Mengutip data Bloomberg, Senin, 12 Februari 2024, nilai tukar rupiah terhadap dolar AS ditutup di level Rp15.595 per USD. Mata uang Garuda tersebut menguat sebanyak 40 poin atau setara 0,19 persen dari posisi Rp15.634 per USD di penutupan perdagangan hari sebelumnya.
"Pada perdagangan sore ini, mata uang rupiah ditutup menguat 40 poin walaupun sebelumnya sempat menguat 45 poin dari penutupan sebelumnya di level Rp15.635 per USD," kata analis pasar uang Ibrahim Assuaibi dalam analisis harian.
Sementara itu, data Yahoo Finance juga menunjukkan rupiah berada di zona hijau pada posisi Rp15.590 per USD. Rupiah menguat 39 poin atau setara 0,24 persen dari Rp15.629 per USD di penutupan perdagangan hari sebelumnya.
Sedangkan berdasar pada data kurs referensi Jakarta Interbank Spot Dollar Rate (Jisdor), rupiah berada di level Rp15.612 per USD. Mata uang Garuda tersebut menguat sebanyak 73 poin dari perdagangan sebelumnya di level Rp15.685 per USD.
Baca juga: Sentimen Pemilu Berkurang, Rupiah Ungguli Dolar AS |
Pertumbuhan ekonomi RI
Ibrahim mengungkapkan, jika melihat kondisi pertumbuhan ekonomi 2023 sebesar 5,05 persen, maka dirinya berpandangan pertumbuhan ekonomi Indonesia akan mencapai 5,07 persen pada tahun ini.

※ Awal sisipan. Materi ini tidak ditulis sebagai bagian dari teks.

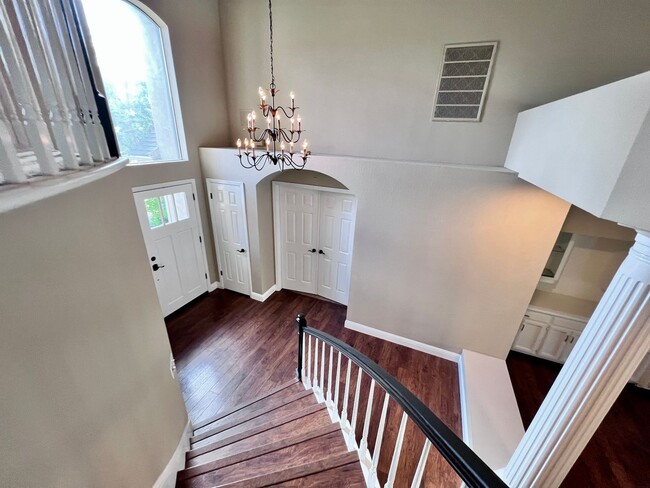 Building Photo - $3,600 Cole & Millbrook, 4 Bedroom House -...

Pertumbuhan tersebut, ditopang oleh konsumsi rumah tangga yang terus meningkat.
"Secara umum, hingga akhir 2023 kinerja ekonomi Indonesia masih relatif baik. Ketahanan ekonomi domestik cukup kuat dan inflasi Indonesia tercatat rendah dibandingkan negara-negara lain," jelas dia.
Proyeksi Dana Moneter Internasional (IMF) dan Bank Dunia (World Bank) terhadap ekonomi Indonesia juga cenderung resiliens untuk tahun ini di sekitar lima persen, sehingga, pertumbuhan ekonomi tahun ini diperkirakan solid. Selain itu, ada beberapa catatan risiko yang akan memengaruhi pertumbuhan ekonomi Indonesia baik dari sisi global maupun domestik.

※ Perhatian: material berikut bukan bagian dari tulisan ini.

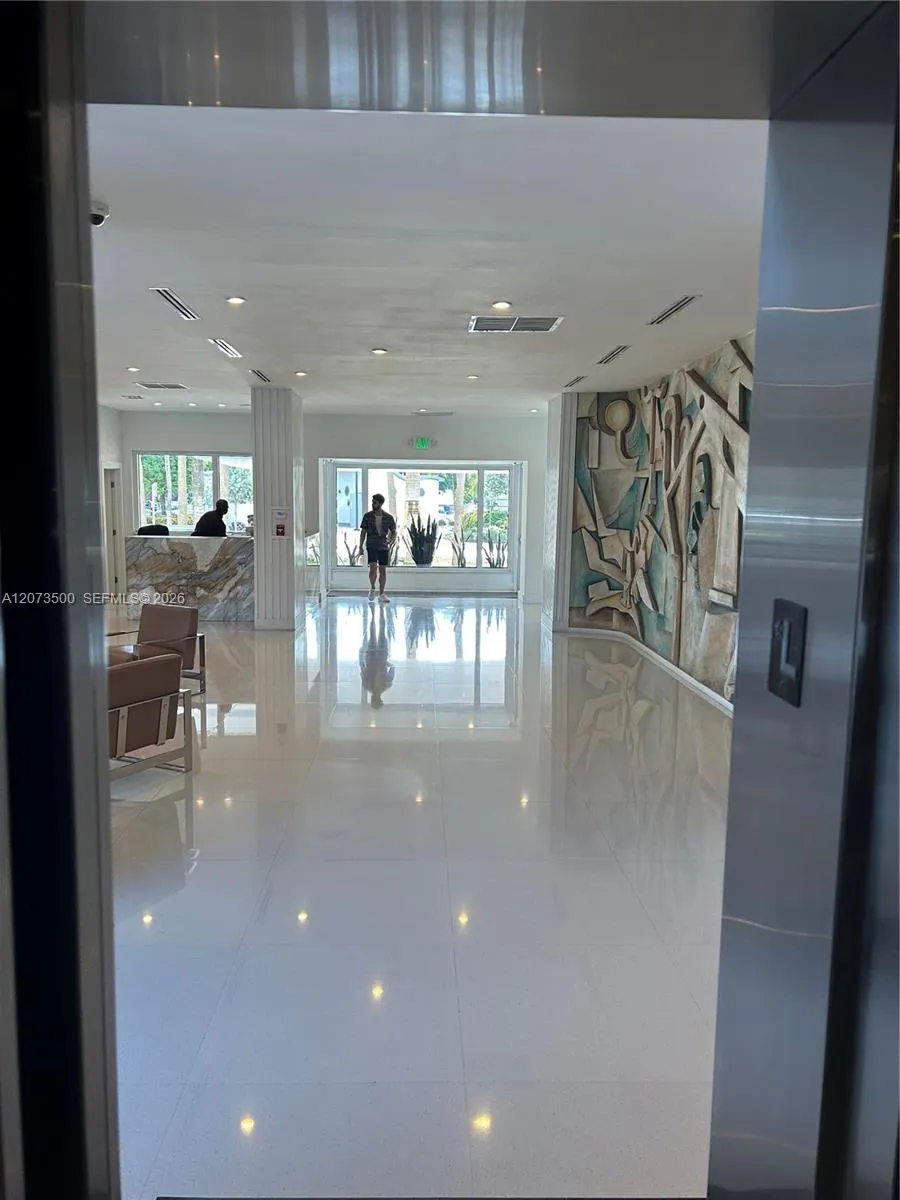 6450 Collins Ave #707 Miami Beach, FL 33141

Dari sisi global, pertama adalah pertumbuhan ekonomi Tiongkok yang cenderung mengalami perlambatan, karena adanya krisis real estate dan properti di negeri Tirai Bambu saat ini.

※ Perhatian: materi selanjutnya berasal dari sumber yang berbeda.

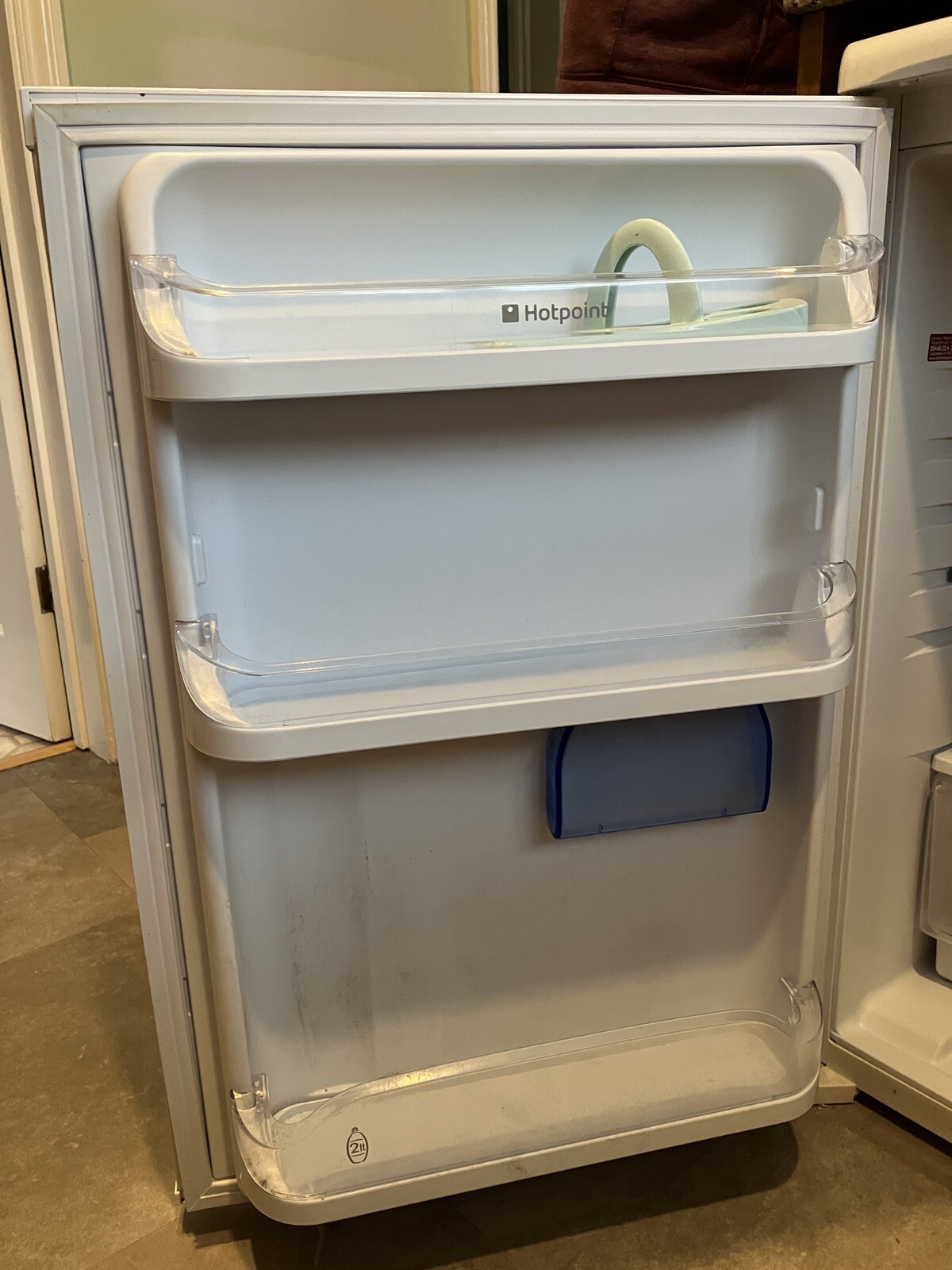 Hotpoint Under Counter Free Standing Fridge eBay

Perlambatan ekonomi Tiongkok, bukan hanya berdampak ke pertumbuhan global, tapi berdampak ke ekonomi Indonesia. Lebih dari 20 persen ekspor Indonesia itu ke Tiongkok, jadi perlambatan ini mempengaruhi harga komoditas global, batu bara, kelapa sawit, dan lainnya.
Kedua, kondisi higher for longer berkaitan dengan arah suku bunga The Fed yang bertahan tinggi diperkirakan sampai semester satu tahun ini. Ketiga, yakni kondisi geopolitik sebab perang Rusia-Ukraina, serta Israel-Hamas.
"Dampak dari kondisi geopolitik ini sudah mulai terlihat di mana pasar keuangan dunia cenderung menguat," terang dia.
Sementara di sisi domestik, risiko pertama karena pemilihan umum atau pemilu yang akan berlangsung serentak di Indonesia pada 14 Februari 2024 mendatang. Namun, dari pelaksanaan pemilu tahun ini, dapat menimbulkan dampak positif, khususnya terhadap peningkatan belanja atau konsumsi rumah tangga.
"Risiko domestik selanjutnya, merujuk data Badan Pusat Statistik (BPS), di mana inflasi pangan cenderung tinggi dipengaruhi oleh faktor El Nino," papar Ibrahim.